In the State Council held at the Royal Palace on Friday, the last before the summer, it was decided that Norway shall resume awarding the War Cross for military gallantry. The War Cross is first on the list of the Norwegian decorations and has not been awarded since 1949.
The War Cross was instituted by King Haakon VII on 23 May 1941 and was originally given for both military and civilian gallantry. After the institution of Haakon VII’s Freedom Cross in 1945, the War Cross was limited to military deeds. The War Cross was given to 273 people; 147 of them Norwegians. If a person was awarded the War Cross a second time, a sword was added to it. Gunnar Sønsteby, now 91, is the only person to have the War Cross with three swords, meaning that he has received the War Cross four times. Sønsteby has been among those speaking up in favour of resuming awards of the War Cross.

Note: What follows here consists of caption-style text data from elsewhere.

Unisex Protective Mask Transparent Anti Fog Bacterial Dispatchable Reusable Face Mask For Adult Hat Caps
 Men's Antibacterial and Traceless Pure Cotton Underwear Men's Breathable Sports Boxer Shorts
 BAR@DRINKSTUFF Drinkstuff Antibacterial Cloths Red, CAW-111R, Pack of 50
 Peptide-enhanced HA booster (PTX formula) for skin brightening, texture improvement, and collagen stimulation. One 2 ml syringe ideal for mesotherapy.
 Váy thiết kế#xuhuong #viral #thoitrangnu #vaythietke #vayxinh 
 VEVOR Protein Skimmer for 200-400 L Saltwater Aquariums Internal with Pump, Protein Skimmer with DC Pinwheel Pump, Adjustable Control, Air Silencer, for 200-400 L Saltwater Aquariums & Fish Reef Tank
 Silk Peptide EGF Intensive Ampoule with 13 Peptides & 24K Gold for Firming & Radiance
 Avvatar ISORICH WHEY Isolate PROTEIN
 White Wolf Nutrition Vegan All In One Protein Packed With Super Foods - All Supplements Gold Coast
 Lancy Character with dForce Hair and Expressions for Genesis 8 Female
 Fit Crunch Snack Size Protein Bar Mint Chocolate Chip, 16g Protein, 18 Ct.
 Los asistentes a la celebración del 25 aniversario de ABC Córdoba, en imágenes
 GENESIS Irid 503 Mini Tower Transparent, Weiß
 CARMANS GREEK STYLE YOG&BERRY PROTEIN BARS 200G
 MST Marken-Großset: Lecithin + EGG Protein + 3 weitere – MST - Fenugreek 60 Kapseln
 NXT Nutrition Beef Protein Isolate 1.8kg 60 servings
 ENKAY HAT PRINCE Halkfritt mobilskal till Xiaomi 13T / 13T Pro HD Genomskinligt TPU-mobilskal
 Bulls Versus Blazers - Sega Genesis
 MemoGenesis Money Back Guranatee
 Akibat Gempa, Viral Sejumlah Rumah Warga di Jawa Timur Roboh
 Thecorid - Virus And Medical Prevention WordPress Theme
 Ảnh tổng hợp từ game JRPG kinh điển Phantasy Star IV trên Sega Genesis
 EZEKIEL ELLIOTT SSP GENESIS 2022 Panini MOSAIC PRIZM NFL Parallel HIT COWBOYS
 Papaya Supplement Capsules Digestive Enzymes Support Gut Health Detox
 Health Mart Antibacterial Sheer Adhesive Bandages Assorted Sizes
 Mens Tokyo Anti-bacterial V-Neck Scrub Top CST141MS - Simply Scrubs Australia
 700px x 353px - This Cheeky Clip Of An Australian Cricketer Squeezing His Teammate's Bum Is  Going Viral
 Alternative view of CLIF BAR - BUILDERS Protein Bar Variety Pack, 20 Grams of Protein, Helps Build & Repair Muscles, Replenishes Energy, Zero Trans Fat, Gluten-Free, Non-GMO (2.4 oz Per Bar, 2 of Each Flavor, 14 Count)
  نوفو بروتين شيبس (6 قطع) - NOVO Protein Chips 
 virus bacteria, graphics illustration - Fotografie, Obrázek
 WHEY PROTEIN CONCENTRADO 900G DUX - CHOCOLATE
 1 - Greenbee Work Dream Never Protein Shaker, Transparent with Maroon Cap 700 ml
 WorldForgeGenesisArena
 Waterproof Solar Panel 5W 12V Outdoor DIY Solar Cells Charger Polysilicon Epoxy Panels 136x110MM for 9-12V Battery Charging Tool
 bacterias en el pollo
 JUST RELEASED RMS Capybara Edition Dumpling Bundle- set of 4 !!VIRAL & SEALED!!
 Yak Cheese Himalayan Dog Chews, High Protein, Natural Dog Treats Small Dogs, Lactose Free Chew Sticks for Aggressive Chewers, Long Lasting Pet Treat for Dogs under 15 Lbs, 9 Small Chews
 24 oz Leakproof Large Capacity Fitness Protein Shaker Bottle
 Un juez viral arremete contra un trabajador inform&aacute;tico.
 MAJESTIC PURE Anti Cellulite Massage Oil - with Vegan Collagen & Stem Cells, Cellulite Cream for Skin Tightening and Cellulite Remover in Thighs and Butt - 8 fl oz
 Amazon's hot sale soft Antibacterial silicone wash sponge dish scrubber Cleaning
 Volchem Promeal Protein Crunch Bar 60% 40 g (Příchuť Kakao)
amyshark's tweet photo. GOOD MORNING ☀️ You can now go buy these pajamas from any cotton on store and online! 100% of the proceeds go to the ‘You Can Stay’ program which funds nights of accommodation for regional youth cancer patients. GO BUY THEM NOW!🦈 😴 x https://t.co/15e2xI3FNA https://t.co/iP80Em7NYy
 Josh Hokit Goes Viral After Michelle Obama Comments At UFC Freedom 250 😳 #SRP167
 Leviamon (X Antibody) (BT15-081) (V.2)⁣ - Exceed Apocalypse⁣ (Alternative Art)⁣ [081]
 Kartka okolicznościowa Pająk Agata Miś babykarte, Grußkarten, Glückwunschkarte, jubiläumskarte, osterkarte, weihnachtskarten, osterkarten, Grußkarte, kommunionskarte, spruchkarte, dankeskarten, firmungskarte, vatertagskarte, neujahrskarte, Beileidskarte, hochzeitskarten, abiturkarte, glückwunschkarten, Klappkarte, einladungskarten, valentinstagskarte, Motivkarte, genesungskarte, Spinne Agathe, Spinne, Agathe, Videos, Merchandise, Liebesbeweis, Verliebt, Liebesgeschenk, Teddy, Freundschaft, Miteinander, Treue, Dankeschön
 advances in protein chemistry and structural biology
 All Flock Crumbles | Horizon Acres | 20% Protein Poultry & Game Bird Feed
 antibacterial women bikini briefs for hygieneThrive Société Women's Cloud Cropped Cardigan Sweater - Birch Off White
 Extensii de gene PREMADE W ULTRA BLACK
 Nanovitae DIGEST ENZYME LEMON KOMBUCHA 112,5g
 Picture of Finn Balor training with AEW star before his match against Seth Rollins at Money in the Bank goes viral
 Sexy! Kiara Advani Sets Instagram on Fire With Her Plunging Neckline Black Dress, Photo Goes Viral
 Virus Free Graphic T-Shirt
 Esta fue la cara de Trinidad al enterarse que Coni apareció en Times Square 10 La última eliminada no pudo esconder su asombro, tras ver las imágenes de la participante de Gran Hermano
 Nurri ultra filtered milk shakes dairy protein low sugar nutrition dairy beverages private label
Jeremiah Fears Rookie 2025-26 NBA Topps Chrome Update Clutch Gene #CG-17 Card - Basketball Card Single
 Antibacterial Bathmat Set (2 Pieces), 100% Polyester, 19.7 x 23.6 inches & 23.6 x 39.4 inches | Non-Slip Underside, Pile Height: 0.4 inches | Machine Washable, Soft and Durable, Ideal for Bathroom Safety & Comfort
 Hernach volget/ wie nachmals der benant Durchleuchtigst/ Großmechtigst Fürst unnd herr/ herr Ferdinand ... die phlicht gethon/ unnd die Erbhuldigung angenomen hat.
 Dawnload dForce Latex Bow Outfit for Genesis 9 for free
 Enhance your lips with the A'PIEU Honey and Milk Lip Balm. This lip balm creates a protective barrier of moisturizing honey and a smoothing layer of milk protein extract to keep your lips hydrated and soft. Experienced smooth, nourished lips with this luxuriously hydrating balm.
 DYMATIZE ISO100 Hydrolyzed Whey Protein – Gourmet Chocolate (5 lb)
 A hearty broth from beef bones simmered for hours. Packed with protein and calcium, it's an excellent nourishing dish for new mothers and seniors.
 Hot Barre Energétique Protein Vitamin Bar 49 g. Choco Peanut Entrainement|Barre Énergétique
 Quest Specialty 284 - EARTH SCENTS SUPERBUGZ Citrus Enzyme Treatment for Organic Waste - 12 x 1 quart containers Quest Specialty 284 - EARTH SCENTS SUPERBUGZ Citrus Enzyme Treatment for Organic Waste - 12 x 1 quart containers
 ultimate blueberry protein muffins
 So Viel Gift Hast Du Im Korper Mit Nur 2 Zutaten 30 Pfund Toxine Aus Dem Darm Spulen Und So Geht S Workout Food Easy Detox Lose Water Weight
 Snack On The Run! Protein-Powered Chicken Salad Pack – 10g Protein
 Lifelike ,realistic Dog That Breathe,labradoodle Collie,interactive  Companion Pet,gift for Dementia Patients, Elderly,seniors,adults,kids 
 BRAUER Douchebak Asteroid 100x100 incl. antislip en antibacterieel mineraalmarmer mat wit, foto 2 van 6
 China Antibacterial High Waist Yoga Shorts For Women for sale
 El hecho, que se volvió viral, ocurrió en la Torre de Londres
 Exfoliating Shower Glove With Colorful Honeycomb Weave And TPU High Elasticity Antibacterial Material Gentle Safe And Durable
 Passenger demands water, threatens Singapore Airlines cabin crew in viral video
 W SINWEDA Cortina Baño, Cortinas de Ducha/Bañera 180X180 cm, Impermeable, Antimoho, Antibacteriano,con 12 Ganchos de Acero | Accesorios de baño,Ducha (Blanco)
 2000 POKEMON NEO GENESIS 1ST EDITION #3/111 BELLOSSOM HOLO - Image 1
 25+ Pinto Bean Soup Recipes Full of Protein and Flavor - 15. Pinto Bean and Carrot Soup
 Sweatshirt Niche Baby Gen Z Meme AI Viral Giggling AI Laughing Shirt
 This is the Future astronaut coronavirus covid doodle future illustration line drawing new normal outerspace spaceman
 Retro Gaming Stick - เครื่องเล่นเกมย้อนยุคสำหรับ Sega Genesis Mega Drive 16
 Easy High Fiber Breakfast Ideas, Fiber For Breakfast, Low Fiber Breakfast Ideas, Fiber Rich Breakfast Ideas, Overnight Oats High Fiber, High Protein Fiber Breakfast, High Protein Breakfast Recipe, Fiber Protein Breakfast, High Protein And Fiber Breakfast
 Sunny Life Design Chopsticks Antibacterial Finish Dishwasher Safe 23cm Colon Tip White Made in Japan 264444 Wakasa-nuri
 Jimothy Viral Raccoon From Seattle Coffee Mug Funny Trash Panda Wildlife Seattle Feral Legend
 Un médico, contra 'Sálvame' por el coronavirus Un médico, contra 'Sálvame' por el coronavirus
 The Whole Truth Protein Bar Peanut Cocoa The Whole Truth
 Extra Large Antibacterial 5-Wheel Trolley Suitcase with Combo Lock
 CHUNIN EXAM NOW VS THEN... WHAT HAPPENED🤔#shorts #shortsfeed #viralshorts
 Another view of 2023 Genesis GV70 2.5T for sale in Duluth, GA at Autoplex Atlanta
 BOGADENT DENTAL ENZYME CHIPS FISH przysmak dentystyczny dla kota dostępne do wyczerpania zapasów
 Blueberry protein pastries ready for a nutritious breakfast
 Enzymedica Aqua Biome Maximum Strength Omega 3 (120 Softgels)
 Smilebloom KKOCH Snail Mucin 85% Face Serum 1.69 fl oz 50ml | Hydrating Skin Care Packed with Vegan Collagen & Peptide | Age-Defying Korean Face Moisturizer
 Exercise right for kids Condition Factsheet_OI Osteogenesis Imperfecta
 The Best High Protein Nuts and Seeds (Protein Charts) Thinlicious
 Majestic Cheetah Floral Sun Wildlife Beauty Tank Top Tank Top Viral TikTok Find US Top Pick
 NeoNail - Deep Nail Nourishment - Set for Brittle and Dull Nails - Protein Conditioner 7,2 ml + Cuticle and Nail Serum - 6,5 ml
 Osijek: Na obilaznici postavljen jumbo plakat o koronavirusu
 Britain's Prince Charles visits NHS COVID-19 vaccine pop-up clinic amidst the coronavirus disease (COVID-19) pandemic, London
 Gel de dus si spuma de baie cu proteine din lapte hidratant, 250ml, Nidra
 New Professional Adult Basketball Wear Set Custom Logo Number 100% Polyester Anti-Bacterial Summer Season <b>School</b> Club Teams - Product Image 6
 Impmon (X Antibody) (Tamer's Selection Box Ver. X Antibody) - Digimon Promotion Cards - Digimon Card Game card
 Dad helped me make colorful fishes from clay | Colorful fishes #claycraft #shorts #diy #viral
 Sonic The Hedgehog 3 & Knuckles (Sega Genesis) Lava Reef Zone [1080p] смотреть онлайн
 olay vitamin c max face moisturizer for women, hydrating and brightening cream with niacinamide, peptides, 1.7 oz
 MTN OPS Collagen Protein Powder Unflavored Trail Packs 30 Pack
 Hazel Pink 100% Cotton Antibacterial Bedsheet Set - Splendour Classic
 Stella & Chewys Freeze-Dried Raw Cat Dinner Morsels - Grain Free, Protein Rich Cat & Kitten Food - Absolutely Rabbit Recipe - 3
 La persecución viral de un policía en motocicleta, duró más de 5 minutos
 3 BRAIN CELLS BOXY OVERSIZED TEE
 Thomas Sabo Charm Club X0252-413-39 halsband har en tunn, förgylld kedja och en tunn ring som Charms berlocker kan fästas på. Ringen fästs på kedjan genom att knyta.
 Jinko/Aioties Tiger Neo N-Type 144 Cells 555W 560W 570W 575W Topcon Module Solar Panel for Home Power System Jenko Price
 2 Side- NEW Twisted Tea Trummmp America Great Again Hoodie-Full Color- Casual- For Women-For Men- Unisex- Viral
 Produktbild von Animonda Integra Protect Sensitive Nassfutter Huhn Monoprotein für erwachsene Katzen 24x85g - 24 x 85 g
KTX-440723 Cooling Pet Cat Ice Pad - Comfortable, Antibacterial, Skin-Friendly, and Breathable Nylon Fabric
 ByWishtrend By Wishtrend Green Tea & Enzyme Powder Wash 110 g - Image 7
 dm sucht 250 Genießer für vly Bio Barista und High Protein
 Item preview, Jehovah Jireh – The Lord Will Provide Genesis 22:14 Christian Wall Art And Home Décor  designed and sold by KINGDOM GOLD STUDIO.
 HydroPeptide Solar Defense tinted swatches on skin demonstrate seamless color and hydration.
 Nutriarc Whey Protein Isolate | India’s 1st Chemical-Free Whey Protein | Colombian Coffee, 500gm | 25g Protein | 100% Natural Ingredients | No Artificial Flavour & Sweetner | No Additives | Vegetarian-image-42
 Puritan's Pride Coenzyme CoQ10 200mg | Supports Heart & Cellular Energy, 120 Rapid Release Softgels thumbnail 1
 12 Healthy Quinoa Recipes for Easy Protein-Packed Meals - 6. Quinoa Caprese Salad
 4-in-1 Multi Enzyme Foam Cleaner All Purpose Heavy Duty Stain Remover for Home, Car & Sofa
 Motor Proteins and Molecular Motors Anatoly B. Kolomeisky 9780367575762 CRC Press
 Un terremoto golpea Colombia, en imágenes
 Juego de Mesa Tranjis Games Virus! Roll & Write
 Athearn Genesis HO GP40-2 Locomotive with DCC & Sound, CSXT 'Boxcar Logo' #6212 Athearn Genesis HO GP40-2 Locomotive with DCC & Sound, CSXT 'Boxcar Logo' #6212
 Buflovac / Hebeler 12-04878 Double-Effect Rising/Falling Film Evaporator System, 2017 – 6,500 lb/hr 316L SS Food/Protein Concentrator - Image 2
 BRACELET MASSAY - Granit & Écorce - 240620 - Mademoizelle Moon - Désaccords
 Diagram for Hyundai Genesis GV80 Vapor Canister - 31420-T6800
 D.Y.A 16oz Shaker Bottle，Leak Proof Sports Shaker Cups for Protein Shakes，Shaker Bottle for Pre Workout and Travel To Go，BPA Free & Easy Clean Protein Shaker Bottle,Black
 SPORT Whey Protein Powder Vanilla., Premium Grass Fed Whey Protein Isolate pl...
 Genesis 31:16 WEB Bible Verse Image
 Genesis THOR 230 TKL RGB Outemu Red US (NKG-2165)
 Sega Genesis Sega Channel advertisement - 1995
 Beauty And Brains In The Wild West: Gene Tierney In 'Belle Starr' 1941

It will now be possibly to award the War Cross to surviving veterans, but also posthumously to dead resistance fighters and to soldiers taking part in the wars Norway have been involved with in the last decade.
It has in recent years been commented upon the fact that no Communist partisans were awarded the War Cross after the Second World War. In Klassekampen on Saturday the Minister of Finance, Kristin Halvorsen, mentioned Asbjørn Sunde, the leader of the so-called “Osvald Group”, a group of Communist resistance fighters, as one person who may now be awarded the War Cross posthumously.